If you haven't had your fill of additional scenes, then the first port of call should be the huge list of deleted sequences on disc one. Alarmingly, most of these were cut from the boat sequences, meaning that this part of the film was even longer in the script. There are a few nice touches to be found throughout, but it does feel like a definite case of overkill.

It may take a considerable amount of patience to make your way through the commentary featuring Peter Jackson and Philippa Boyens for, while it a worthy chat-track, its length means that it is quite an undertaking. Perhaps the best aspect of this is that both Jackson and Boyens contributed to the screenplay so they can give us some genuine insight into the development of the characters and the numerous narrative choices they made to differentiate this from the previous versions of the story.

If you're fond of goofs then ‘The Eighth Blunder of the World’ should be a pleasing way to kill nineteen minutes. This montage of bloopers is never hilarious, but does showcase the good atmosphere present on set.

Prior to the release of the film, a vast amount of ‘making of’ footage found its way to the web in the form of ‘Production Diaries’. One of them, presented here, never made it due to the content featured. One to file in the category for 'amusing' rather than 'insightful'.

The opening of the movie showcases a variety of Vaudeville stage acts. A short featurette details how the second unit auditioned the acts involved. This gives audiences a chance to see many of the performances which were cut short, although whether such acts could be described as ‘enjoyable’ purely depends on the viewer's point of view.

King Kong: Deluxe Extended Edition
If you missed the many, many references to the 1933 original version of King Kong, a ten minute featurette which details the numerous homages is on hand.  

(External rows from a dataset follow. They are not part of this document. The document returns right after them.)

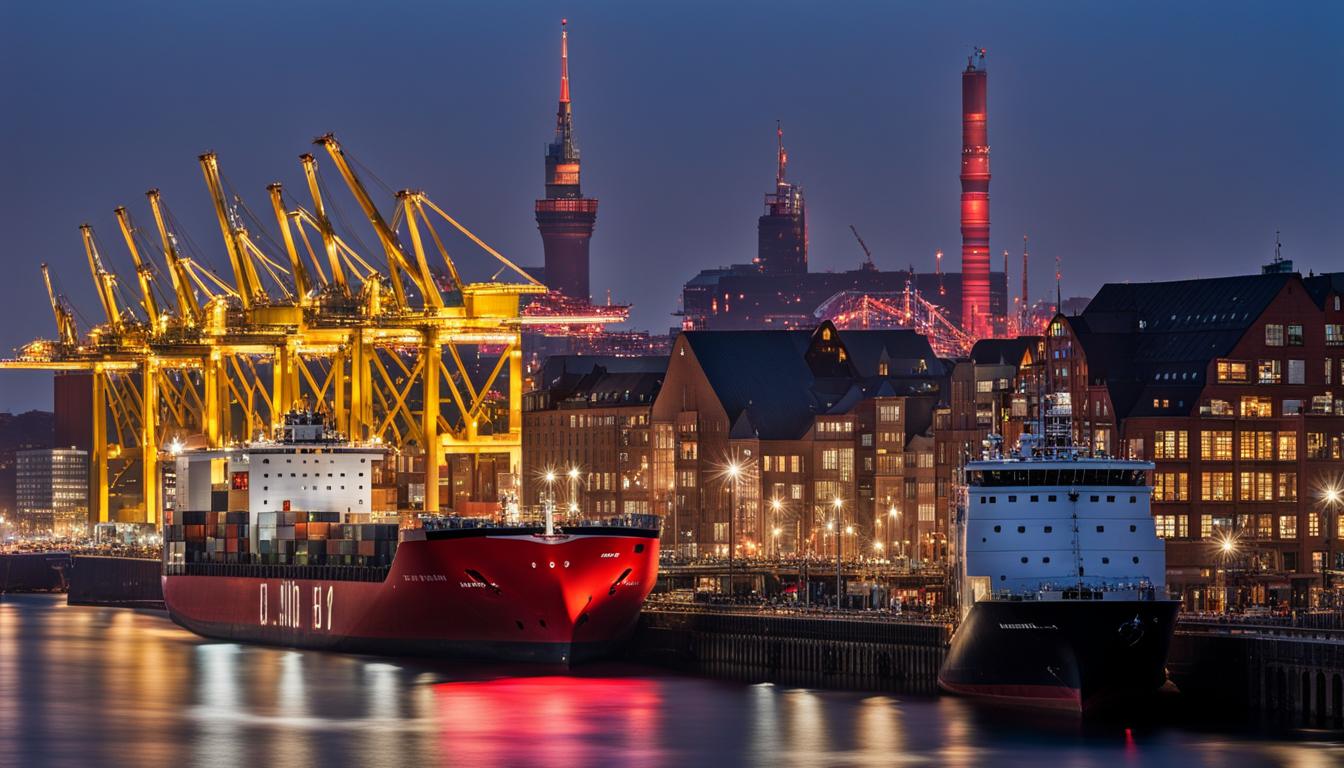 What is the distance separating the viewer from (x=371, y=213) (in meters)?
153

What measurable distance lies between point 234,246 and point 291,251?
961cm

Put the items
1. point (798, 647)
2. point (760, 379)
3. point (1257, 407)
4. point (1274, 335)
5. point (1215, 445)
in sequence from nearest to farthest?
1. point (798, 647)
2. point (1215, 445)
3. point (1257, 407)
4. point (1274, 335)
5. point (760, 379)

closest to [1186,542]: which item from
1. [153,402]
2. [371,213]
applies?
[371,213]

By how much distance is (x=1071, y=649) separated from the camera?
298ft

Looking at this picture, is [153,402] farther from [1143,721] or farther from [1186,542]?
[1143,721]

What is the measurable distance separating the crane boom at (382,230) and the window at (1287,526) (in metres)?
45.8

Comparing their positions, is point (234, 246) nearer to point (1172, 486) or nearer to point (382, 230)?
point (382, 230)

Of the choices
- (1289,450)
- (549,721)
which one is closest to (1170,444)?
(1289,450)

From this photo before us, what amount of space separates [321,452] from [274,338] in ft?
103

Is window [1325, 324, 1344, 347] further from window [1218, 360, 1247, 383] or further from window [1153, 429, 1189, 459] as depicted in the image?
window [1153, 429, 1189, 459]

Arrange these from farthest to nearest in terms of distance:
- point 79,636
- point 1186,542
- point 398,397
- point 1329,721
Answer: point 398,397
point 79,636
point 1186,542
point 1329,721

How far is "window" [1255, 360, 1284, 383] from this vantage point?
134 m

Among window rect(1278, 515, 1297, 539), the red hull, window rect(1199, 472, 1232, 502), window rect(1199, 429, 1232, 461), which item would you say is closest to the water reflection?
the red hull

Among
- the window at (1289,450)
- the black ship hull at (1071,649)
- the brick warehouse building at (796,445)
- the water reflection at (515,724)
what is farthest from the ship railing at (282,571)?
the window at (1289,450) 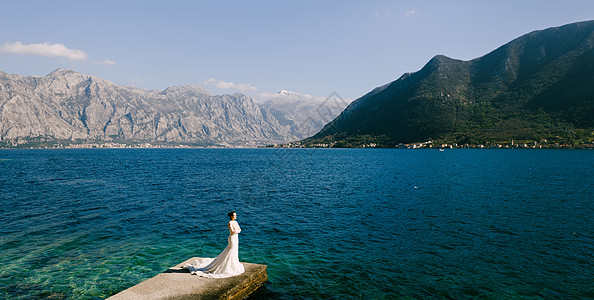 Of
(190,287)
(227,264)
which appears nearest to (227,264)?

Moving on to disc two and you'll find a collection of trailers and two scripts which were written in various stages of the film's long production history (dated 1996 and 2005).

‘Animatics’ are one the strangest of all DVD extras, presenting a cartoon vision of how the crew intend to film certain scenes. The scenes in question all closely resemble the animatics shown here; although whether anyone, aside from wannabe film-makers, would bother giving them a second watch is up for debate.

Fans of collectibles will be interested by the featurette which delves into the world of Weta, one of the most respected makers of movie memorabilia. It's very short, but worth a look for the fanboys.

The camaraderie on set is showcased even more so with the short film ‘The Present’, which details how Jack Black and various other cast members shot a short film to give to Peter Jackson on his birthday. It's one of the most entertaining featurettes contained over the three discs.

Perhaps the biggest incentive for fans to make the upgrade to the extended edition is the three-hour documentary that can be found on the third disc. This can be viewed by separate chapters or in its entirety. This is about a thorough as a documentary can ever get, and although it's a little overwhelming, the commitment to give detail to every aspect of the film-making process (from early pre-production to Peter Jackson's final thoughts) should be applauded.

Finally, we conclude things with the ‘Conceptual Design Galleries’. Once again, this will be of more interest to those with a strong interest in film-making as opposed to a general viewing audience.

King Kong: Deluxe Extended Edition


An exhaustive supply of extras means that fans of the film may be inclined to trade in their existing DVD for this revised special edition. Alas, the extended cut itself only highlights what was wrong with the film when it was shown in cinemas. It's an enjoyable fantasy, but there's always the feeling that half the runtime would make twice the movie.